You should cite your sources
You need not cite sources
A Note on Punctuation
Place the citations within parentheses, with a space before the parenthesis and commas or periods only after the second parenthesis. If you use a quotation, the end quotation mark goes before the citation.
Cite the author, work and the standard method of referring to the passage. Cite your sources within parentheses. For appropriate abbreviations consult the Oxford Classical Dictionary, ed. by S. Hornblower and A. Spawforth, 3rd ed. (Oxford, 1996 repr.), pp.ix-xxii or online at stoa.org.
Vergil, Aeneid, book 4, lines 1-10: (Ver.
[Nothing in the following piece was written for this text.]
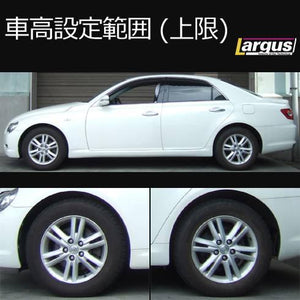 LARGUS SPEC S COILOVER KIT FOR TOYOTA MARK X GRX125 4WD 01011209047-QQ-530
Aen 4.1-10).
With authors who only have one work (e.g., Herodotus and Thucydides in Greek, Livy in prose), only the name of the author is necessary:
Herodotus, book 6, chapter 35, section 2: (Hdt. 6.35.2).
For artwork, cite the author, year of publication and the figure in the text:
(Hurwit 2004, fig. 53).
If a primary source appears in a sourcebook, both the source and the sourcebook should be cited:
Plutarch, Life of Lykourgos, book 1, section 1 in Dillon and Garland, 2000, section 6.1: (Plut. Lyk. 1.1 in Dillon and Garland 2000, 6.1)
Note that volumes use a numbering system for each text, and so you should cite them by the numbering system rather than the page number(s).
For scholarship, provide the author, year of publication and the pages you are citing:
(Last Name Year, Page Number).
(Courtney 1982, 18).
(Favro 1992, 78-79).
(Hurwit 2004, 182).
(Schwab 2005, 169-170).
(Sear 1982, 56).
All secondary sources cited throughout your paper should also be listed in your bibliography. Note that in line citations differ from bibliographic citations.